Of course, his collaborations with Mel Brooks on The Producers, Young Frankenstein, and Blazing Saddles played a major part in boosting his star power, with Wilder bringing an eccentricity to each role that was easy to fall in love with.
His approach to comedy was genius because he took these bizarre characters and turned them into something simultaneously theatrical and larger-than-life, but also profoundly human, and one of his greatest roles was his leading part in Willy Wonka & the Chocolate Factory, a fantastical journey that blurred the lines between being a fun kids’ film and a much darker, adult-appropriate vision of consumerism and morality.

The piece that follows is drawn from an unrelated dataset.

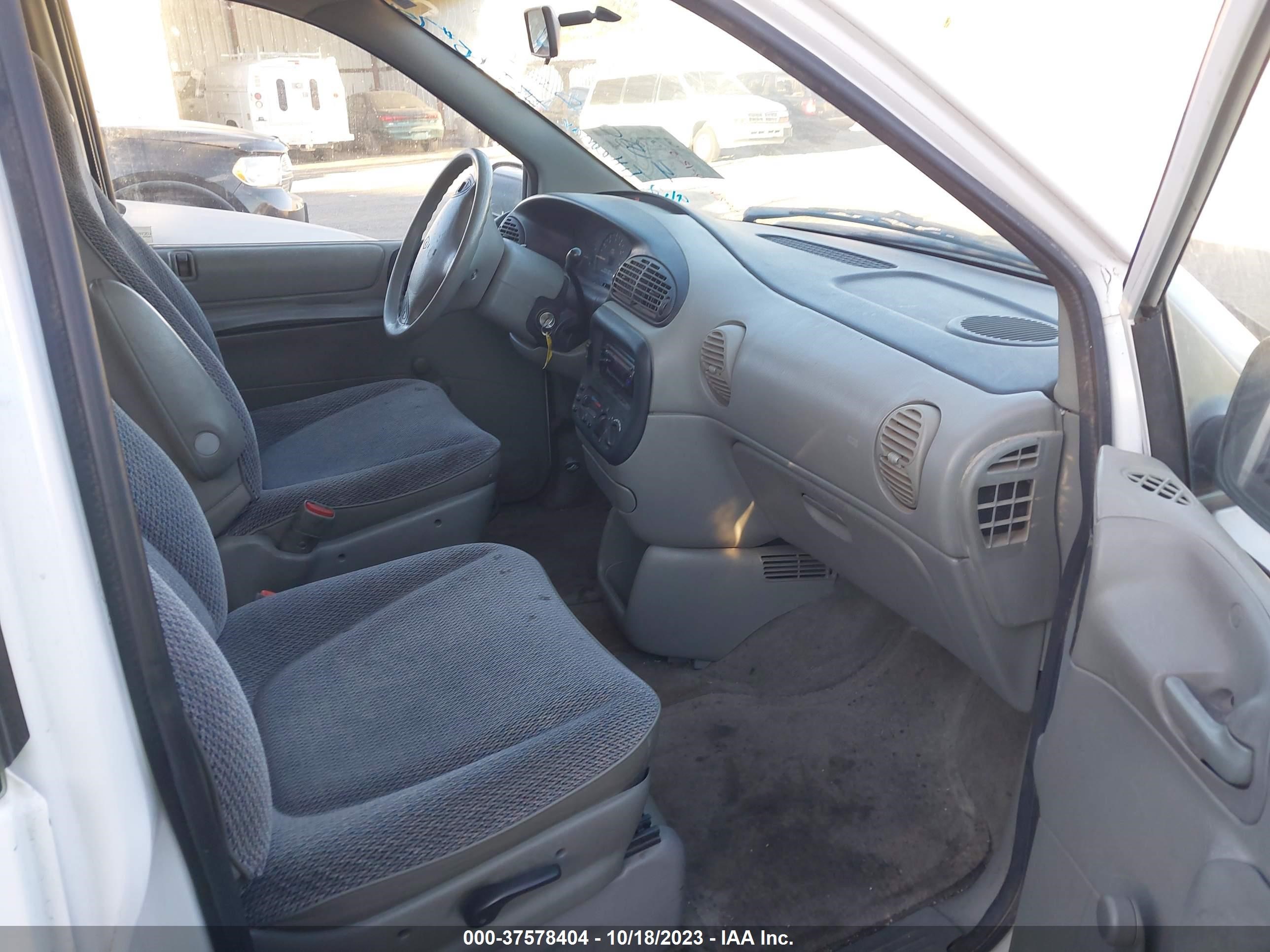 Photo 4 VIN: 2B4GP25RXVR149054 - DODGE CARAVAN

Roald Dahl’s story was adapted once again in 2005 by Tim Burton, with Johnny Depp taking on the role, and while this version is pretty great, few people would argue that it’s better than the bizarre Wilder version, which really can’t be topped.
Wilder continued to act in various comedies over the coming years, including various collaborations with Richard Pryor, but in 1991, he made his final film performance in Another You, and before passing away in 2016, he spent the remaining years taking on the occasional television or theatre role, as well as writing a few books and dedicating himself to charity work, which leads one to wonder what stopped him from working in Hollywood.
He admitted multiple times over the years that he just didn’t enjoy working in the business, but he wasn’t opposed to getting back to movies if the right part came along. “If something comes along that’s really good, and I think I would be good for it, I would be happy to do it,” he told Robert Osborne, “But not too many came along. I mean, they came along for the first 15, 18 films, but I didn’t do that many.”
The problem was that Wilder didn’t like the way in which Hollywood was changing. He emerged before the dawn of huge blockbusters, and by the ‘90s, that was the industry’s go-to kind of filmmaking. There were more special effects being used, and gimmicky technology that he felt simply stripped away the very core of what makes filmmaking so special.
“I didn’t want to do the kind of junk that I was seeing,” the actor explained, “I didn’t want to do 3D, for instance. I didn’t want to do ones with bombing and loud and swearing, so much swearing going on. Someone said, ‘Oh, go fuck yourself’. Well, if it was coming from a meaningful place, I would understand it.”
Another issue was the fact that movies were becoming less and less about conversation and more about action, it seemed. “But if you go to some of the movies, I don’t want to say which ones, can’t they just stop and talk? Once in a while, it comes in handy, but not running all the way through the film, and that put me out a lot,” declared the unimpressed Wilder.